2. `qu init --advertise <overlay-ip>:9901`.
3. Set `bind_addr: <overlay-ip>` in `node.yaml` so the daemon does
**not** also listen on the public interface.
4. Open `:9901` only on the overlay interface in your firewall — for
nftables that's something like `iifname "wg0" tcp dport 9901
accept`.
The cluster secret and mTLS fingerprints still apply; the overlay just
removes the open-internet attack surface.

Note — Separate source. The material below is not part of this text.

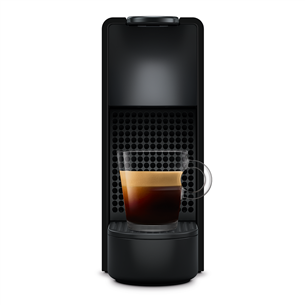 Nespresso Essenza Mini, melna - Kapsulu kafijas automāts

## Why prefer overlay over public exposure
- Single failure domain at the network layer: an attacker who finds an
exploit in your overlay client (rare; Tailscale and WireGuard are
small surfaces) still hits the application-layer pinning before any
cluster-level operation.
- The cluster secret can be lower-entropy when it's already
unreachable from outside. (You should still treat it as a real
secret; "defence in depth" only works if every layer is real.)
- ICMP probes from a homelab to a target on the public internet are
trivial through NAT, but ICMP *into* a homelab usually isn't.
Running `qu` on a tailnet means peers can heartbeat each other
regardless of NAT direction.
## Trade-offs
- One more thing to monitor. If your tailnet is down, your monitor is
down. Counter-measure: run *another* tiny `qu` cluster (or a single
node) on the public internet that watches the overlay's coordinator
health.
- Probe latency includes the overlay's hop. Tailscale's wireguard is
fast (<1 ms LAN, single-digit ms WAN) so this rarely matters, but
if you're alerting on tight latency thresholds, account for it.